The Watchers: The Rise of America's Surveillance State
- Author: Shane Harris
- Language: English
- Media type: Print (hardback & paperback)

= The Watchers: The Rise of America's Surveillance State =

2010 book by Shane Harris

The Watchers: The Rise of America's Surveillance State is a non-fiction book by American journalist Shane Harris, published in 2010. It details the rise of surveillance programs in the U.S. Author Harris had previously served as a writer for outfits such as Foreign Policy, National Journal, and The Washingtonian.

The book has received critical praise from various reviews, with Booklist commenting that "Harris sifts through a confusing array of acronyms, fascinating characters, and chilling operations to offer an absorbing look at modern spying technology and how it impacts average Americans". As well, Publishers Weekly described the book as having an "informative and dramatic narrative". Alexandra Silver of Time remarked that the book "reads like a spy novel".

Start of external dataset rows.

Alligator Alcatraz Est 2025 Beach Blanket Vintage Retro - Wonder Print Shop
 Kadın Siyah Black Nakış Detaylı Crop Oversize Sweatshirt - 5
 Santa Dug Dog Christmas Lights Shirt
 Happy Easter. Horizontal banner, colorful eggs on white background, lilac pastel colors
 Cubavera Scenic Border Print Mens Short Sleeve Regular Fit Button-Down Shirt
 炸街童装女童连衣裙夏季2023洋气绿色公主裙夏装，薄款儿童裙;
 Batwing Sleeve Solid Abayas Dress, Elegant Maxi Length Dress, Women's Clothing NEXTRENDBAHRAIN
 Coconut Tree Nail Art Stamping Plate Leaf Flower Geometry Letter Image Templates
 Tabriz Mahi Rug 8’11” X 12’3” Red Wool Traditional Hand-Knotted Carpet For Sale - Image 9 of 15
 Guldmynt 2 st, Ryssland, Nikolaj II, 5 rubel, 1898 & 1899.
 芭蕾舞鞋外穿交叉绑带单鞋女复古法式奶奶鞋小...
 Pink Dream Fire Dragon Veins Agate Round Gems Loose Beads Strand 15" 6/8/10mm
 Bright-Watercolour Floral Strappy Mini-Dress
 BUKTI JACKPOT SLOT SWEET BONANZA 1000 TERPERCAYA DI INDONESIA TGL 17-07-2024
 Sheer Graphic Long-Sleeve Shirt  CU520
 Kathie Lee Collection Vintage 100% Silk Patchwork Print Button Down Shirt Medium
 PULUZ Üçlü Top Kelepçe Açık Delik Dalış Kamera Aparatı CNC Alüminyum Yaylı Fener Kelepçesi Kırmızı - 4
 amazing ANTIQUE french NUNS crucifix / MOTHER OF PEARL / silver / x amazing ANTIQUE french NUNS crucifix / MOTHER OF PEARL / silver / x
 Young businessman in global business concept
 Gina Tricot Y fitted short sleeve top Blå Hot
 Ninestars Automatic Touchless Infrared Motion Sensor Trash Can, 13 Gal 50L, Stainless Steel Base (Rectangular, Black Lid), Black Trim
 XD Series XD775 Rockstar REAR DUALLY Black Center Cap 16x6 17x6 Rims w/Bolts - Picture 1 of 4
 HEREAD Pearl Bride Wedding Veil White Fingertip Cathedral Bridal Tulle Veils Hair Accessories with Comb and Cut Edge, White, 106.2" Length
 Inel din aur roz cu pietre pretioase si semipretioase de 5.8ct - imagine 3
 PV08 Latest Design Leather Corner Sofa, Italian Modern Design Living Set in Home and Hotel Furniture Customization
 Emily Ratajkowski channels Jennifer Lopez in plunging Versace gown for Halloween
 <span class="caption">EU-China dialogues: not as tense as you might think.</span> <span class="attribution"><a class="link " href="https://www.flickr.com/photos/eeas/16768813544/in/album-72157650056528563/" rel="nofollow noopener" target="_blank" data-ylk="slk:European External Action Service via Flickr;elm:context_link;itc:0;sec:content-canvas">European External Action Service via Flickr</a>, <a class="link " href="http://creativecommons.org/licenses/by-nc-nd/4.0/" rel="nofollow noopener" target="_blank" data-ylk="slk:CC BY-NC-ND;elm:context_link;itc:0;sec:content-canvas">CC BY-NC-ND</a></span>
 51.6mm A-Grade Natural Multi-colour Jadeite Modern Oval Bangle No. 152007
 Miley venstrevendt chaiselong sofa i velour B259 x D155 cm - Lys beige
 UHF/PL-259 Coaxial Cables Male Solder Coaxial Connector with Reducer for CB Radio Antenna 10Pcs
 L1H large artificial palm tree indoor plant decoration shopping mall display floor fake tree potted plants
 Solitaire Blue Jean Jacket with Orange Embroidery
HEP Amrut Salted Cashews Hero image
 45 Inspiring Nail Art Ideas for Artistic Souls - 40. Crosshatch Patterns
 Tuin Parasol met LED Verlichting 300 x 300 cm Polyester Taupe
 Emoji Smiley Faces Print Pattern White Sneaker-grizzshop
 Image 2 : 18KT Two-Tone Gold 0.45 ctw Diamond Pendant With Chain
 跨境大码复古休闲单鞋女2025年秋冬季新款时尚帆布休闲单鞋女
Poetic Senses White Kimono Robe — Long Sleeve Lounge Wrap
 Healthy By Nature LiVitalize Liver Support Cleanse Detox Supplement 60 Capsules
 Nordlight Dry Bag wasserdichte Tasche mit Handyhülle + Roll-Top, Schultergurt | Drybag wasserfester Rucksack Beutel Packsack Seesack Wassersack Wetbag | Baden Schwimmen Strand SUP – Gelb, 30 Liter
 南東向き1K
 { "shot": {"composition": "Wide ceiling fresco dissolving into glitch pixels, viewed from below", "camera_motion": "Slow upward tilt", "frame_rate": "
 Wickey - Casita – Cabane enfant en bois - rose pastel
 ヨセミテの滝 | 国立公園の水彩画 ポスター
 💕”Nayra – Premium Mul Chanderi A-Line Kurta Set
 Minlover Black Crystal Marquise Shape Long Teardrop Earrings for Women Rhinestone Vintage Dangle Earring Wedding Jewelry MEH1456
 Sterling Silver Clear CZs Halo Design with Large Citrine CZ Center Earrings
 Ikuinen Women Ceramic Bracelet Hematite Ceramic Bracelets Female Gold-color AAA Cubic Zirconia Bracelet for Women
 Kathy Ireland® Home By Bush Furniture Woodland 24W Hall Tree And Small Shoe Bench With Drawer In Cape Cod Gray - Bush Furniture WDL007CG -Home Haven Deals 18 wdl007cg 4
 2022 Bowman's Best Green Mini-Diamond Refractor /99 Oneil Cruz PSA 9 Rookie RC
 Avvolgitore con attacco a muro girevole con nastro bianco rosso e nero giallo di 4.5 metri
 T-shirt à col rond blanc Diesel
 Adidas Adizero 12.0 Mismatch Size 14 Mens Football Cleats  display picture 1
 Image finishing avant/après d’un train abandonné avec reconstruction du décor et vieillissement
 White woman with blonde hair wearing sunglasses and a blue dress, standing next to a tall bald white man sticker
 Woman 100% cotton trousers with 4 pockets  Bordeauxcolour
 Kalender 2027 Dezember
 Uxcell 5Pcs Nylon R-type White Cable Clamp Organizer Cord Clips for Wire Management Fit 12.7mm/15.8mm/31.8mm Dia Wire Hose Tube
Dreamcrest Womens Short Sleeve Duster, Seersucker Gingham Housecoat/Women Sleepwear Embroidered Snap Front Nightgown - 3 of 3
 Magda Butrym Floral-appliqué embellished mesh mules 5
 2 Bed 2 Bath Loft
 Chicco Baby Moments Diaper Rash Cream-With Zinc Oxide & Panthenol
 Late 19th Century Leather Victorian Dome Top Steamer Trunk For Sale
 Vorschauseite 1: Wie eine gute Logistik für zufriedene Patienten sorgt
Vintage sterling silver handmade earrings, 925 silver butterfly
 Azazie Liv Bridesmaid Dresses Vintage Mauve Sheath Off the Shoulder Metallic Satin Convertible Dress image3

Beyond its stylistic appeal, critics have highlighted the work's historical depth; The New York Times noted that Harris effectively traces the evolution of the surveillance state from its Cold War roots to the post-9/11 era.^([4]) Writing for The Washington Post, Barton Gellman praised Harris's ability to demystify complex technical subjects, stating that the book serves as an essential primer for understanding the "invisible infrastructure" of domestic intelligence.^([5])

Harris writes that mass surveillance in the U.S. accelerated due to the aftermath of the September 11th attacks, while the impetus behind it goes back decades to the Reagan Administration. Then, as Harris recounts, the National Security Agency's Director, Michael Hayden, spearheads a successful secret campaign to persuade the rest of the Bush administration to expand the efforts made previously under the Total Information Awareness (TIA) program. The NSA organizes a massive undertaking to sort through the vast data cloud of e-mails, phone calls, and the like that it can collect; its work expands and expands over the years.

==Background and contents==

Harris has worked as a writer for the publications Foreign Policy, National Journal, and The Washingtonian, discussing issues such as government intelligence and cyber-security.

Harris traces back modern counter-terrorist efforts through surveillance to the reaction to the 1983 Beirut barracks bombing, in which U.S. intelligence networks failed to piece together the numerous clues about militant activity against Americans inside the Lebanese Civil War. Facing the sudden challenge of suicide bombings and threats of more attacks, the administration of President Ronald Reagan adopted a war-centered posture against militant groups, trying to re-organize the U.S. federal government upon the task, such as by tracking down and then freezing terrorist assets. The terminology of a 'war on terrorism' becomes used for about for the first time.

Shocked by the death of a full 241 Marines in the aforementioned attack, John Poindexter, then President Reagan's National Security Advisor, comes up with a grand vision of collecting real-time intelligence data in a massive federal government system. Despite his skill in both technical know-how as well as managing state funds, his reach exceeds his grasp. Still, even decades later with Poindexter's reputation tainted due to his role in the Iran-Contra Scandal, other Washington insiders have the same dream.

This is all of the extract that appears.